February 7, 2020 |
End-of-year is finally, finally over. If you’re a nonprofit fundraising staffer, you’ve probably just taken your first real stretch of PTO in months. (Maybe you even took PTO without checking email, you thought leader!) Back in December, you probably applied for the federal/universal Combined Federal Campaign, also known as CFC or the government employee workplace giving program.
Government workers, including federal civilian, postal, and military workers, benefit from the CFC program because the donation process is very straightforward: all they need to do is look your organization up from a list of registered nonprofits, make a pledge, and their gift will be deducted from their paycheck. As a result, there’s no need for donors to fuss with making cash, card, or check payments, and they have the added flexibility of choosing whether or not to make their gift anonymously (though many do choose to share their names and contact information in order to receive an acknowledgment).
The federal CFC can be a profitable source of revenue, but unfortunately your work isn't over yet: now it's time to turn your focus to the state campaign applications.

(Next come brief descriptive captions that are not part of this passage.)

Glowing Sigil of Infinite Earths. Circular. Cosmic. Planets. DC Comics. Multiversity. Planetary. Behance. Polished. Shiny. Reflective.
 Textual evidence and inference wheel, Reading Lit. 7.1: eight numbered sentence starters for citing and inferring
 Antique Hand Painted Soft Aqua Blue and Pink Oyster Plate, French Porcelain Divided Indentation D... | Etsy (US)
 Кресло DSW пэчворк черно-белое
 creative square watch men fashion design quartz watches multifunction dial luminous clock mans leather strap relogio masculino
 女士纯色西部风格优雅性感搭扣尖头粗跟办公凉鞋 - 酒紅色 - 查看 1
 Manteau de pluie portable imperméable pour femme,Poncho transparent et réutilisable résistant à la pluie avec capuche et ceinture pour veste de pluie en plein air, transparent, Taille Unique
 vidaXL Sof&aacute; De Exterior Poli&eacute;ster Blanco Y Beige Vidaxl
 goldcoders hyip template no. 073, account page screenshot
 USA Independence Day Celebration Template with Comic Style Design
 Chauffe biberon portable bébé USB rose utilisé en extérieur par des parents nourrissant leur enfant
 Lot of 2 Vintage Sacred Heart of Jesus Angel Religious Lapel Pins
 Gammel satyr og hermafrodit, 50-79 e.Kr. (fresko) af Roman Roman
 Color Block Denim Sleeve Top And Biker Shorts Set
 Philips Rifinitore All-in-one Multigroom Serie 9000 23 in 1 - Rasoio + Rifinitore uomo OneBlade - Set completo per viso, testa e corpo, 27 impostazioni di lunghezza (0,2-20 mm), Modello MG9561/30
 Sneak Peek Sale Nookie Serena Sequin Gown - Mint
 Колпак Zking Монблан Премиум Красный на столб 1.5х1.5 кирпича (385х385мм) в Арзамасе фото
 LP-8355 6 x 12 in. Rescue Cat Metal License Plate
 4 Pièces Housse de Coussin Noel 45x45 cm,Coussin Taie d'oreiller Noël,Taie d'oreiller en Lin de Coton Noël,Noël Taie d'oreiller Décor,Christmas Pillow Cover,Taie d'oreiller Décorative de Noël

Consider this your State CFC Applications 101 – from charity federations to licensing to data collection, we hope this makes the process as smooth as possible.
First, decide if it’s worth it.
If you have any data on how much you’ve been able to raise from participating in prior years’ campaigns, now’s the time to pull and analyze it! Then, consider the current state of CFC at the state and federal levels – and the general stagnation of federal and state employee paychecks, which in turn shrinks their ability to donate. It’s time to check any data you have for upward or downward trends in how much you’ve been able to earn over the years from CFC participation. Also, ask yourself if you have the staff bandwidth to manage these applications, since they do involve managing some moving parts.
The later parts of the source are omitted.